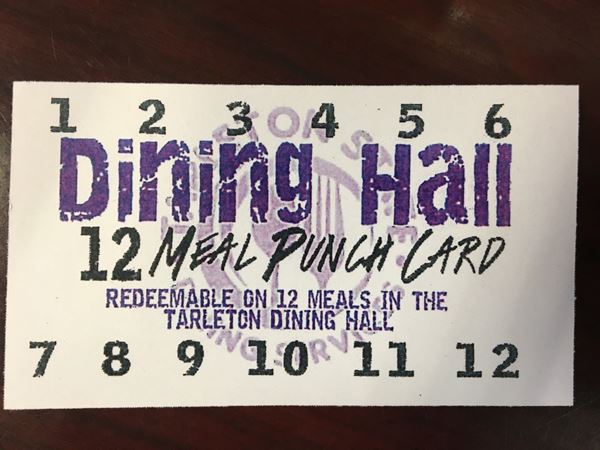 Picture of Dining Hall 12 Meal Punch Card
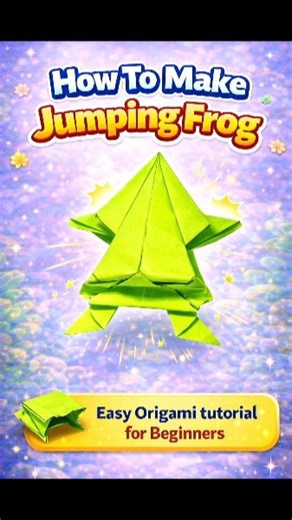 How To Make Jumping Frog 🐸 | Easy Origami Tutorial For Beginners | Paper Frog Toy #Shorts #trending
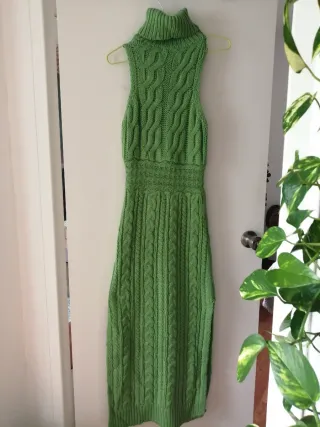 Vestido de lana tejido verde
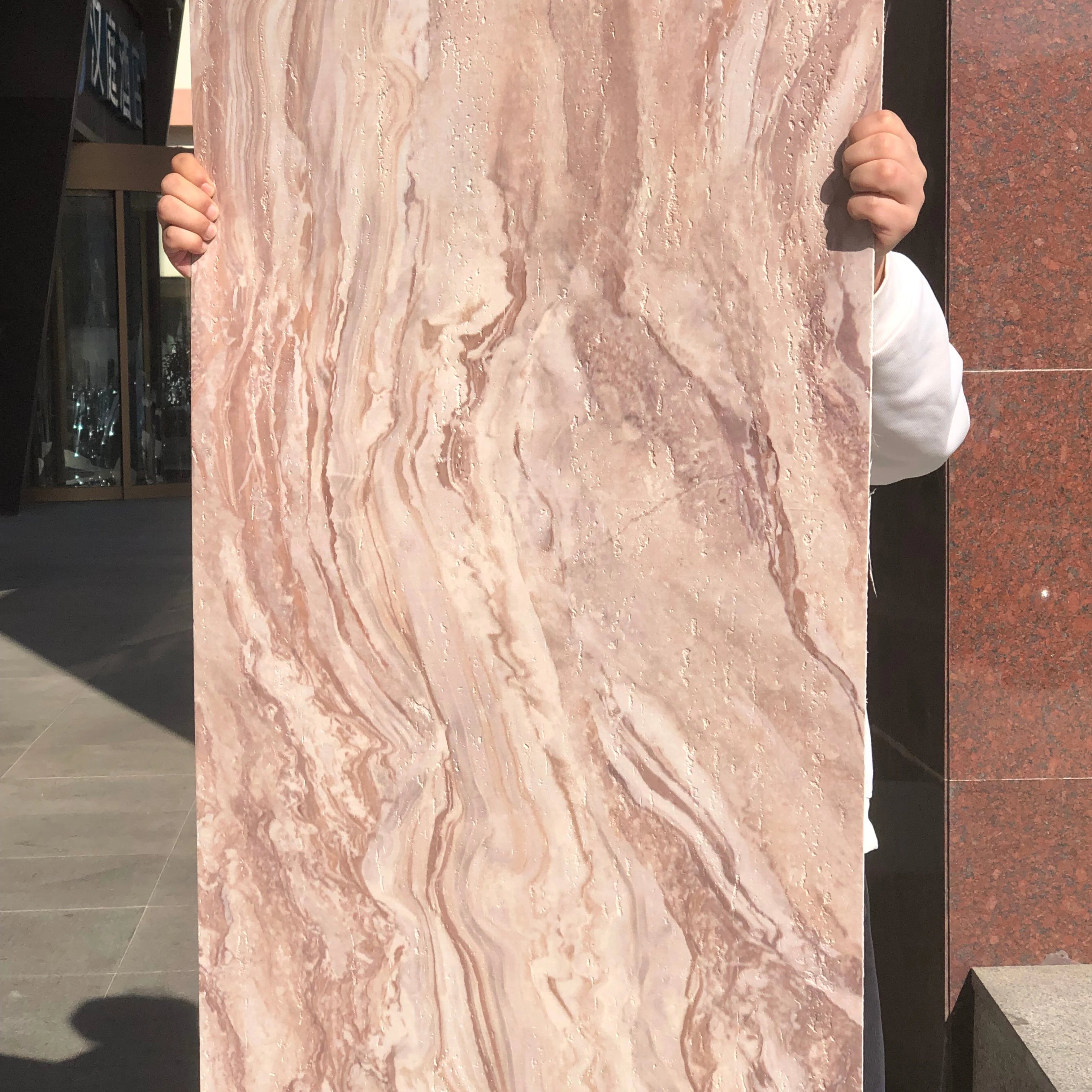 Modern Design Indoor and Outdoor Travertine Artificial Stone Flexible Big Slab with 3D Model Design Capability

## What you need to do
An exact reproduction of the material above is needed, without its pictures.

## Exercise response
 Picture of Dining Hall 12 Meal Punch Card
 How To Make Jumping Frog 🐸 | Easy Origami Tutorial For Beginners | Paper Frog Toy #Shorts #trending
 Vestido de lana tejido verde
 Modern Design Indoor and Outdoor Travertine Artificial Stone Flexible Big Slab with 3D Model Design Capability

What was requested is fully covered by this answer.